Willis Exec Warns of Rise in ‘White Collar Crime’ in UK

June 4, 2014

Francis Kean, executive director in Willis’s financial and executive risks practice has examined a growing trend in white-collar crime in a WillisWire blog. He indicated that” according to a report in The Times on Thursday 22nd May 2014, the number of senior prosecutors recruited by U.S. law firms in London has moved into double figures in the last three years.”

He also noted that there “is no shortage of demand for the unique experience and perspective former prosecutors can provide to clients facing the full weight of a Serious Fraud Office (SFO) or Financial Conduct Authority (FCA) investigation.”

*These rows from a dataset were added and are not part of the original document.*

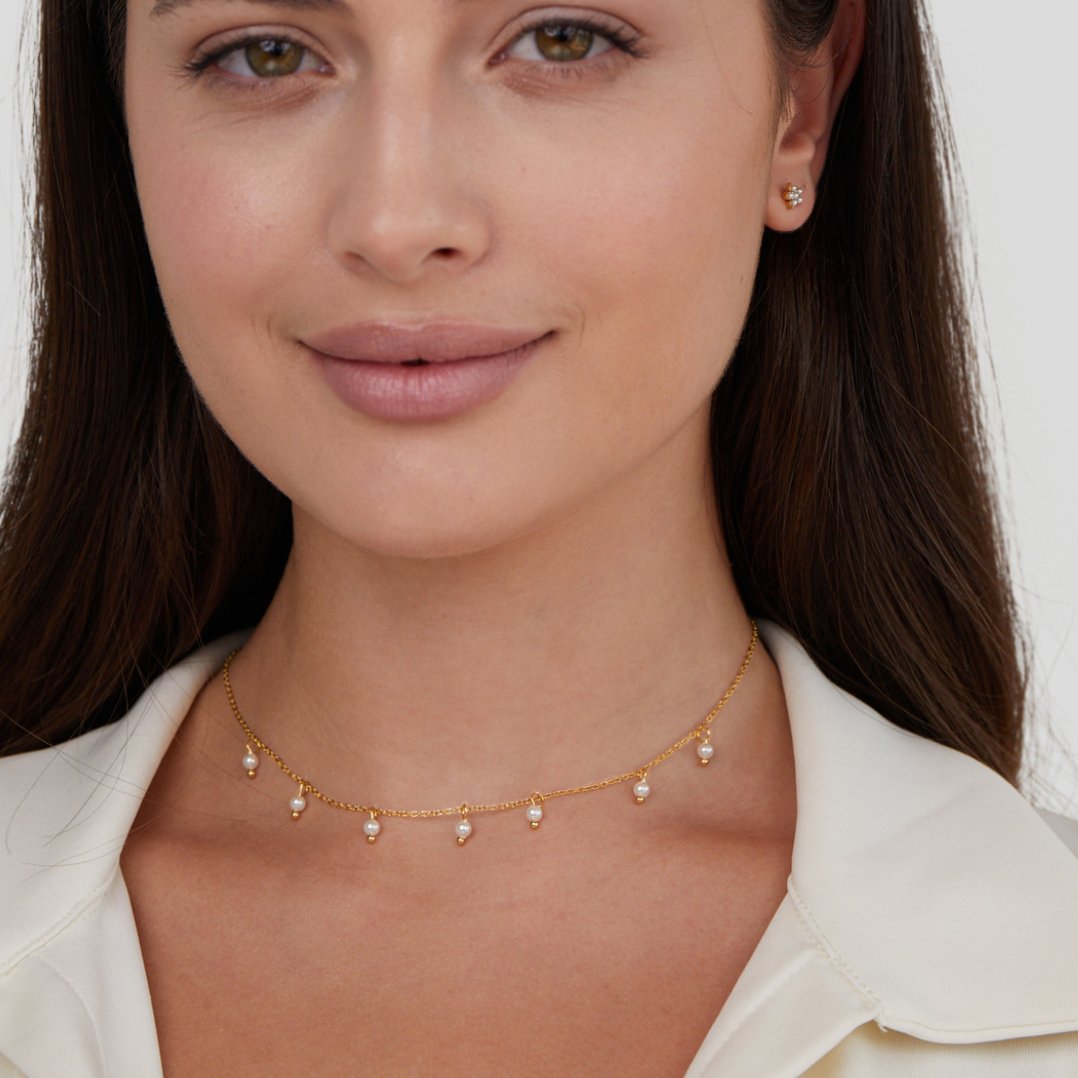 Laila 18k Gold Pearl Necklace - Beautiful Earth Boutique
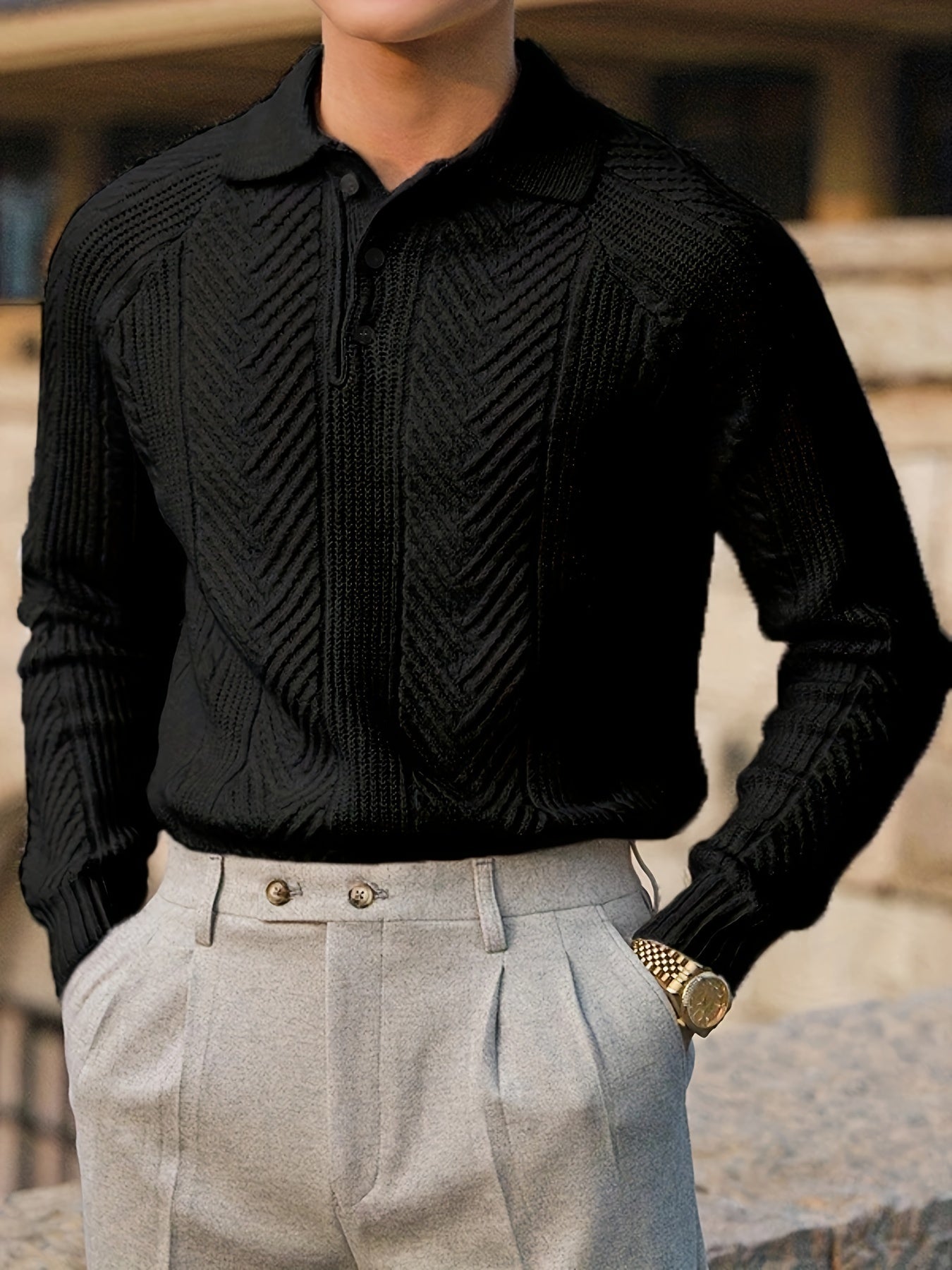 Men's Vintage-Inspired Cable Knit Shirt -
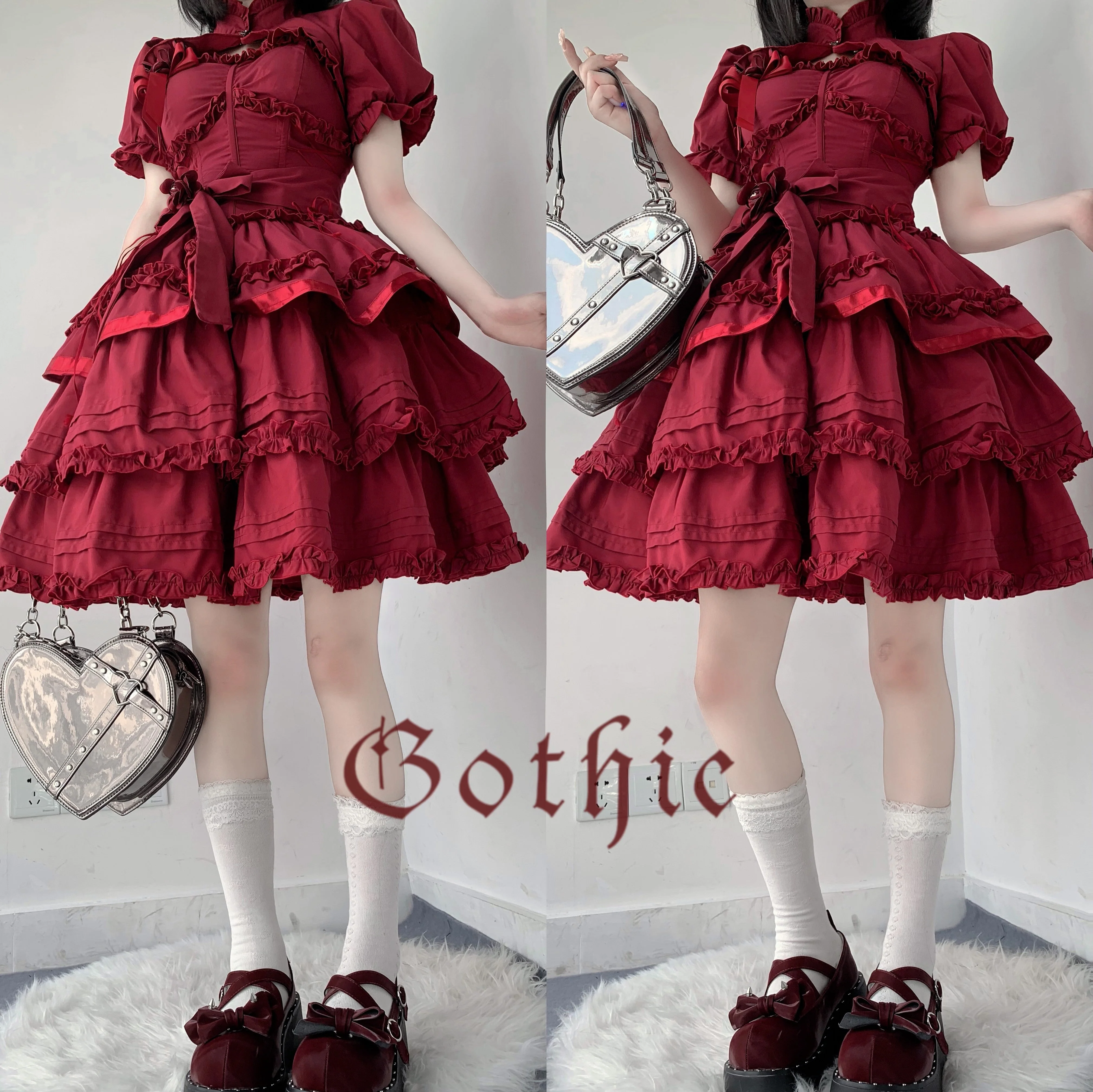 Gothic Lolita JSK Dress Christmas Short Sleeve Bolero - Image 4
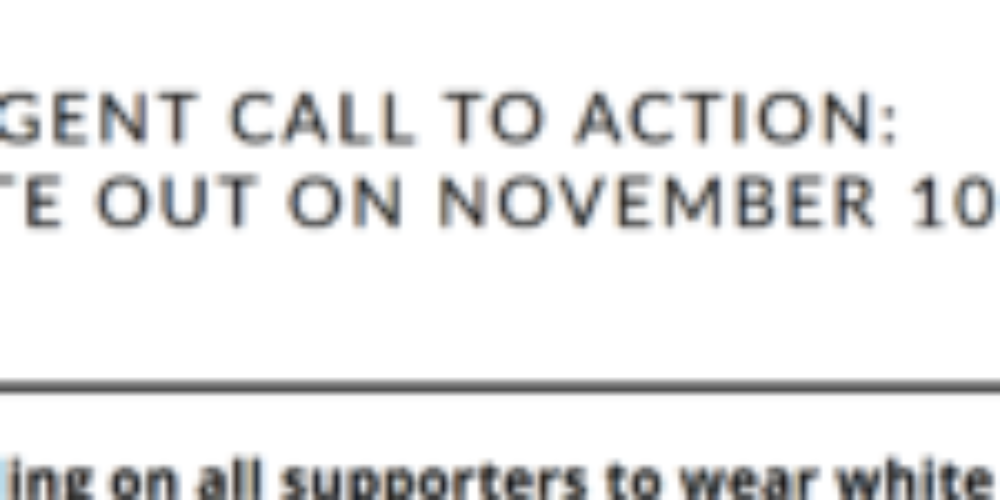 URGENT CALL TO ACTION: WHITE OUT NOVEMBER 10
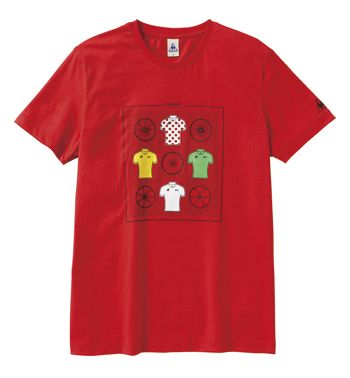 ルコックスポルティフ ツール・ド・フランス Tシャツ(各賞ジャージプリント、レッド)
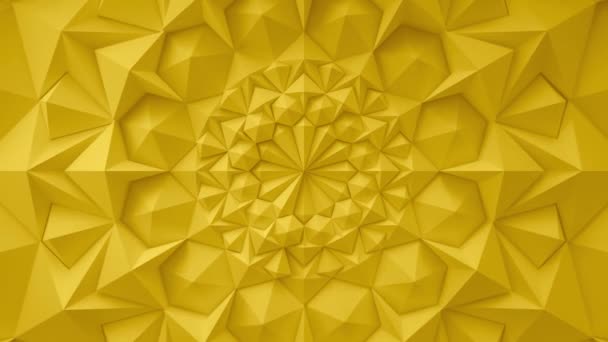 背景を振って黄色の幾何学の三角形の壁。シームレスなループ 4 k Uhd — ストック動画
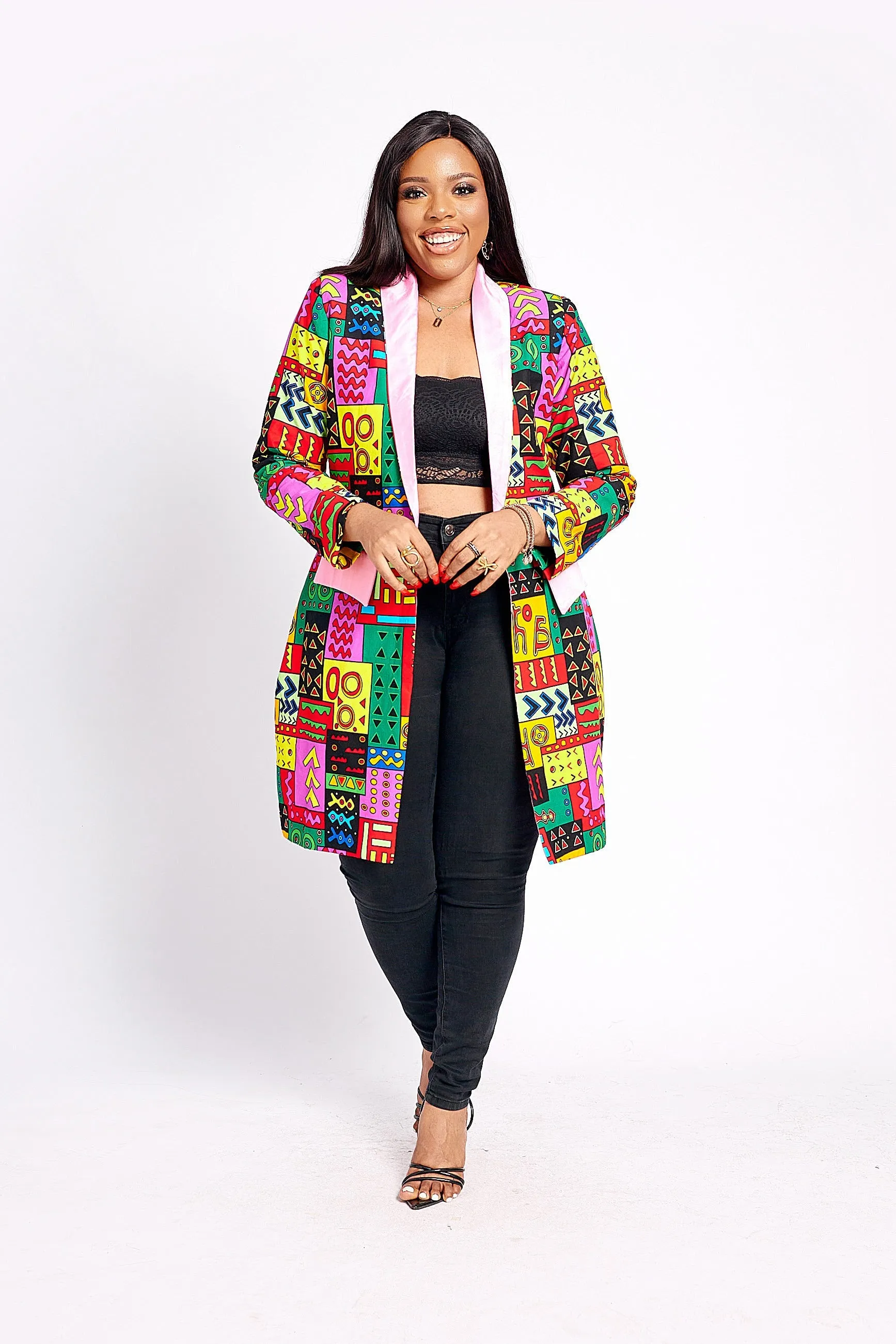 SALE FARISA AFRICAN PRINT BLAZER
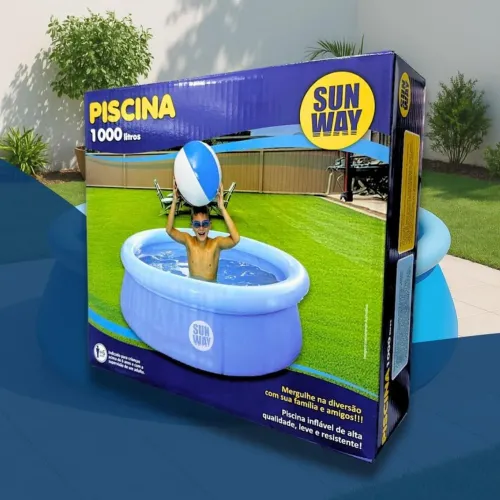 Piscina 1000 litros redonda sun way a pronta entrega novas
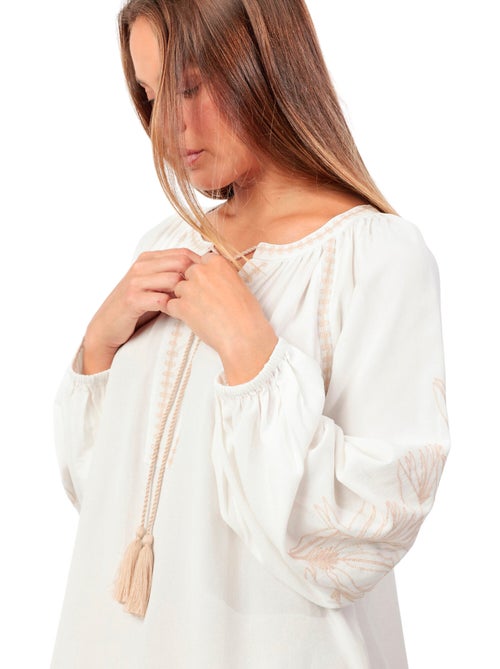Caftan de plage manches longues Embroidery And Cords - Kiabi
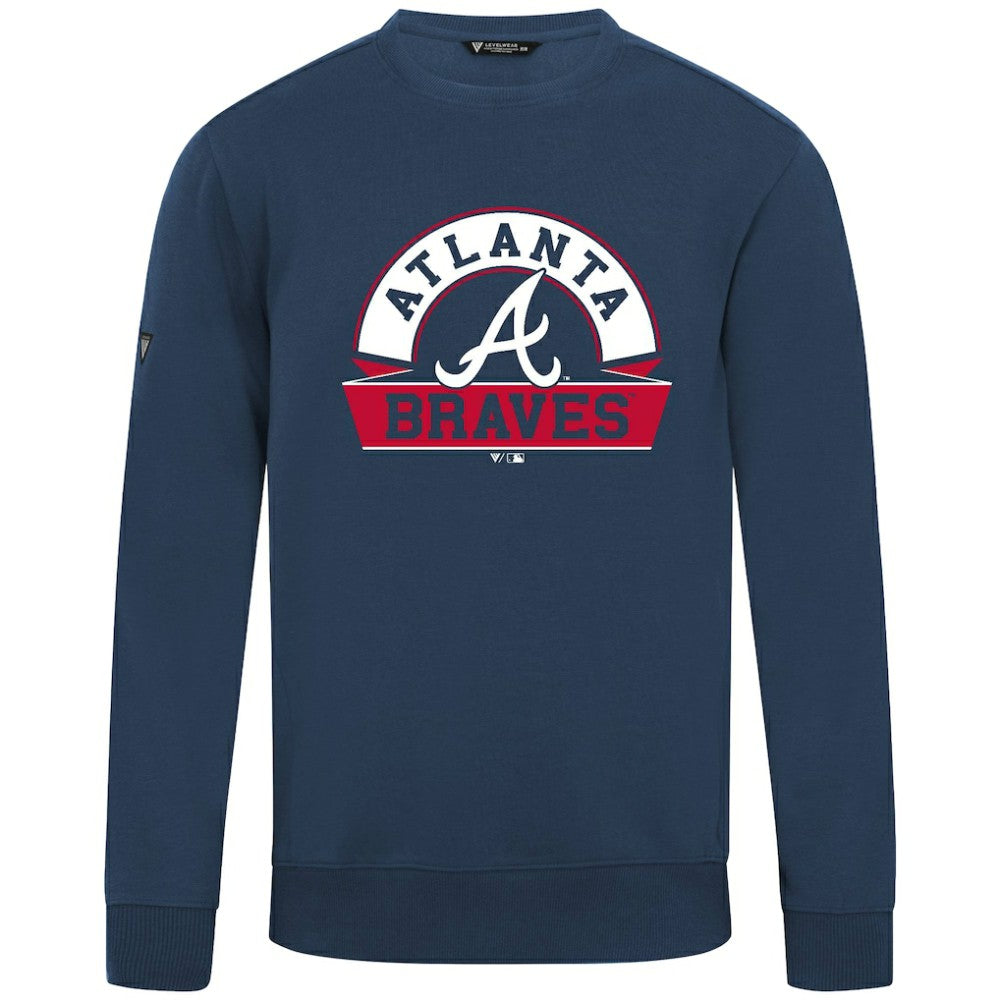 Atlanta Braves Levelwear Zane Banner Arch Sweatshirt - Navy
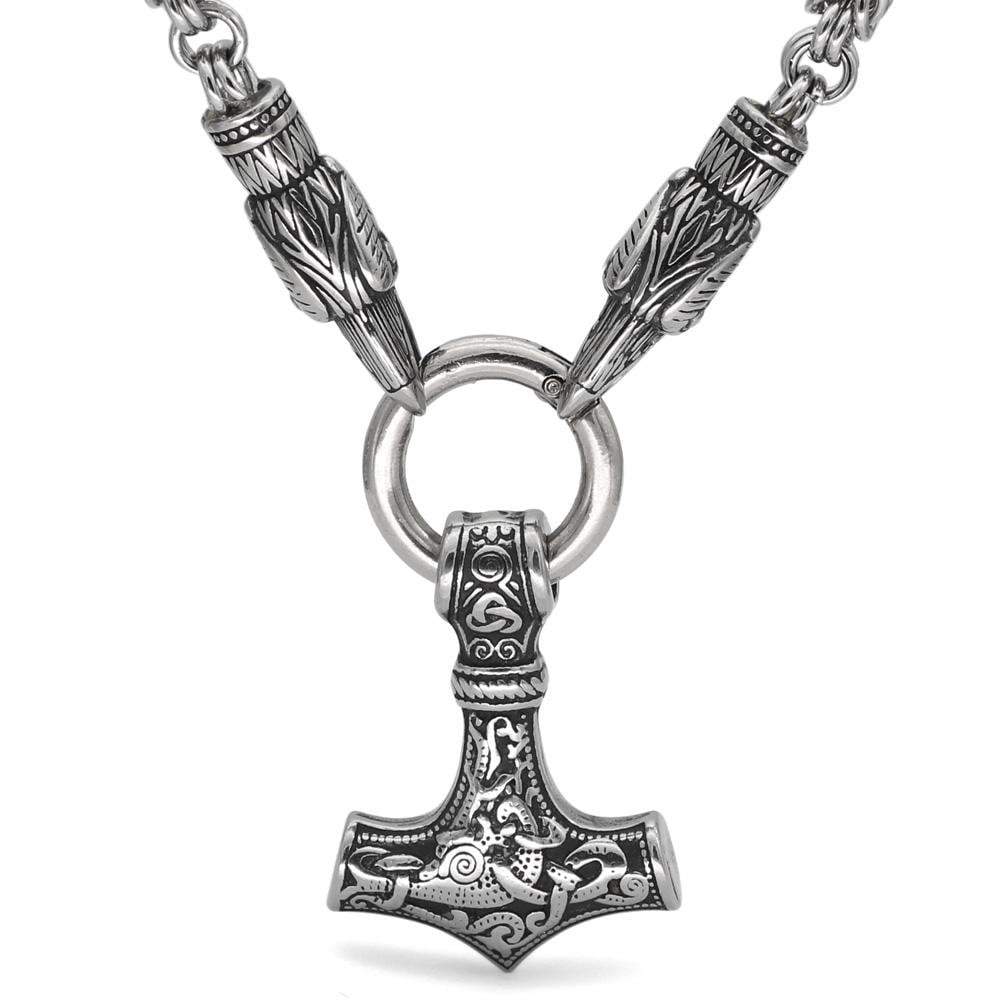 Vikings Mjolnir and Ravens Stainless Steel Necklace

There have also been a considerable rise in the number of investigations and prosecutions in the tax sector. Kean wrote that the “number of people being investigated by HM Revenue & Customs (HMRC) has doubled in one year. Figures disclosed under the Freedom of Information Act show HMRC made inquiries about the tax affairs of 237,215 people in 2013, compared with about 119,000 in 2011/12.

“Another aspect of this growth in investigations, about which I have blogged in the past, is the potential for conflicts of interest arising between companies and their exécutives,” he continued. This growth in potential conflicts is likely to lead to an increased demand for multiple legal representation.”

The upshot from the increases in investigations “might not be good news for D&O insurers who are asked to pick up the bill,” Keane wrote. On the other hand, it’s probably “welcome news for lawyers specializing in white-collar crime.”

The Times article, written by Steven Parkinson, head of criminal and regulatory litigation group of law firm Kingsley Napley, also focused on these potential conflicts of interest. He is quoted as saying: “at some point in the life of a criminal investigation of a company, individuals need representation either because directors or former directors are suspects or because the SFO or the FCA want to interview individuals under compulsion as witnesses. Then there is a potential conflict between the company and the individual.”

Keane also indicated that with the “advent of the Bribery Act and a number of prosecutions thought to be in the SFO’s pipeline and no sign of any diminished appetite by the U.S. Department of Justice for bringing Foreign Corrupt Practices Act prosecutions, this trend towards battle readiness among UK law firms is likely to accelerate.”